Stories Related to the Four Major Pavilions of Korea


Pavilions, each consisting simply of a wooden floor and a roof, were built near mountains and rivers for people to stop and take a little rest; but with time, they evolved into forums for meetings and poetry readings held by the literary intellectuals of the Joseon Dynasty. Some of the poems written in Chinese characters, three-stanza poems, lyrics, and records composed in these pavilions were framed and hung there and remain as works of art. The more number of works by prominent figures hung in a pavilion, the more renowned the pavilion became. Such are the three major pavilions of Korea: Bubyeokru of Pyeongyang, Chokseokru of Jinju, and Yeongnamru of Milyang. The two pavilions of South Gyeongsang Province are of considerable size, with a frontal width of five gan, and side width of four. A thousand poems and prose have been written on each, which speaks of their fame. In recent years, Gwanghallu of Namwon is counted (instead of Bubyeokru, which sadly can’t be visited because of its location in North Korea) as one of the three major pavilions.


These pavilions, however, are famous not only for their long history, great scale, beautiful paintwork, and the poetry and prose written about them.
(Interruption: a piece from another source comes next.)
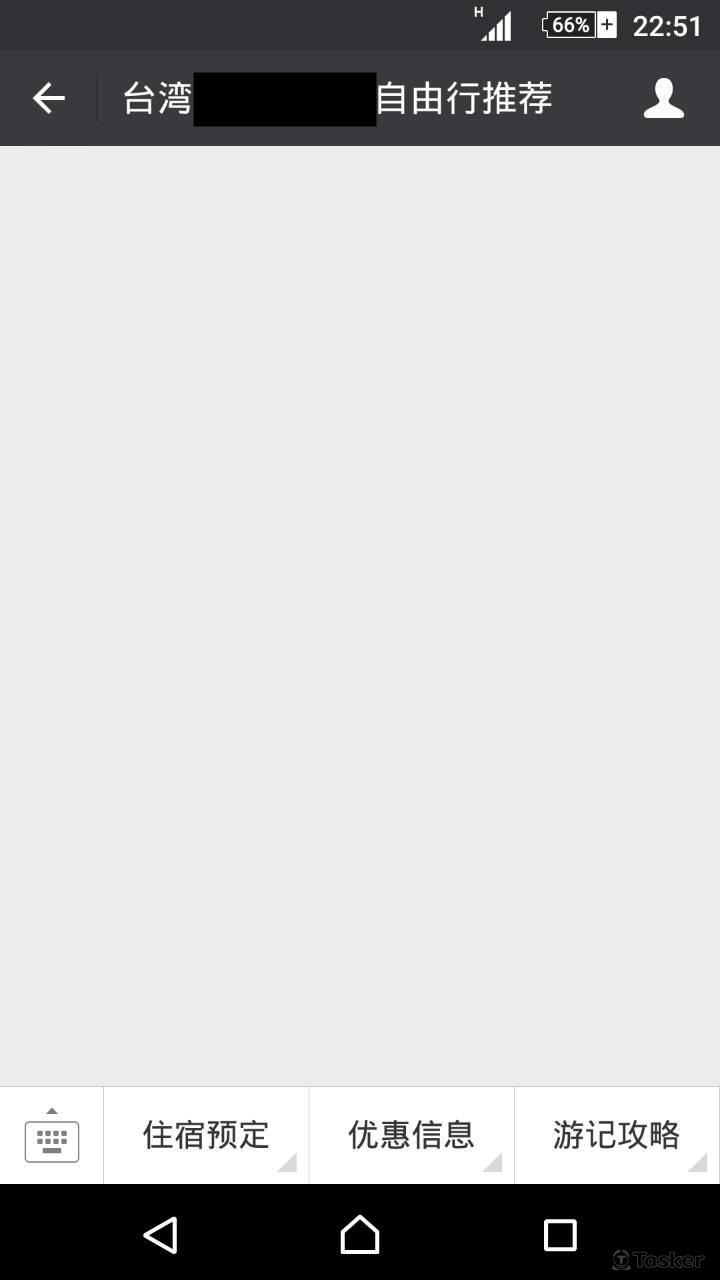 旅遊行業微信WeChat申請訂閱號及服務號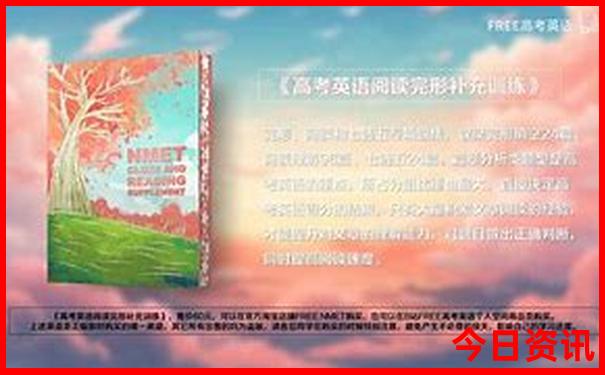 影视排行榜前十名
Each pavilion comes with a beautiful story about women of integrity that adds color to them. During the Japanese Invasion of Korea, Gye Wol Hyang of Bubyeokru aided in the beheading of the enemy commander; Nongae of Chokseokru cast herself into the river with the enemy commander in her arms, as a result of which both died. The two, called “honorable gisaeng,” added to the reputation of Bubyeokru and Chokseokru. Likewise, Arang of Yeongnamru faced death in order to maintain her chastity; and Chunhyang of Gwanghallu, despite her status as a gisaeng, consummated her love with Yi Mongryong, the son of the district magistrate. This Chunhyang is the heroine of The Tale of Chunhyang, the eternal Korean classic and the quintessence of pansori, or Korean opera. It was at Gwanghallu that Chunhyang and Yi Mongryong had their first encounter, as depicted in the following passage.


Young Master Yi rushes to Gwanghallu on his donkey, and upon arrival he beholds a splendid house of beautiful paintwork with intricately patterned doors. He gracefully dismounts the donkey, steps onto the staircase, and looks all around . . . Chunhyang, the daughter of Wolmae, a gisaeng living in the town . . .,
gets on a swing and looks at the mountains and streams in the distance flaunting their spring colors; her sudden ascent and descent are like those of a young swallow flying in the spring sky, or of the Vega star crossing the Ojak Bridge on the seventh day of the seventh month . . .; Young Master Yi, sitting high on Gwanghallu, looks at the mountains and streams to his left and right . . ., then at the greenery in the mountain in front of the pavilion; ecstatic in body and mind, he stares at the movements of the red and yellow sun through the leaves, his shoulders moving up and down and his hand above his eyes.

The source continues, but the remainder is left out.